According to my lecturer, the Lipschitz condition should be $$|f(x,y_1)-f(x,y_2)|\le L|y2-y1|$$
I was able show that $x^2+y^2$ in the rectangle $|x|\le a$, $|y|\le b$ satisfies the Lipschitz condition, with my $L=2b$. But I had problem showing this for $f(x,y)=x\sin y+y\cos x $.
Best Answer
It seems that you want to prove that $f$ is Lipschitz with respect to $y$. When $f$ is viewed as a global function $f:\>{\mathbb R}^2\to{\mathbb R}$ the statement is wrong, because $$\left|{f\bigl(x,{\pi\over 2}\bigr)-f(x,0)\over {\pi\over2}}\right|\geq |x|-{\pi\over2}$$ assumes arbitrarily large values. The function $f$ is, however, locally Lipschitz with respect to $y$ in ${\mathbb R}^2$. This means that any point $(x_0,y_0)$ has a neighborhood $W$ whithin which the Lipschitz condition is fulfilled. In order to see this it is sufficient to note that $f\in C^1({\mathbb R}^2)$, but maybe you want a selfcontained proof.
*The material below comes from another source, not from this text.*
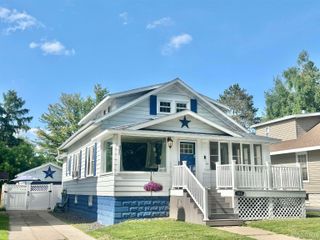 512 W E St, Iron Mountain, MI 49801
From $${\partial f(x,y)\over\partial y}= x\cos y+\cos x$$ it follows that $\bigl|{\partial f(x,y)\over\partial y}\bigr|\leq |x|+1$. Therefore any point $(x_0,y_0)$ is the center of a quite large window $W$ such that for a suitable $M$ one has $$\left|{\partial f(x,y)\over\partial y}\right|\leq M\qquad\forall (x,y)\in W\ .$$ By means of the MVT we then conclude that $$\bigl|f(x,y_1)-f(x,y_2)\bigr|\leq M\>|y_1-y_2|$$ for all $(x,y_1)$, $(x,y_2)\in W$.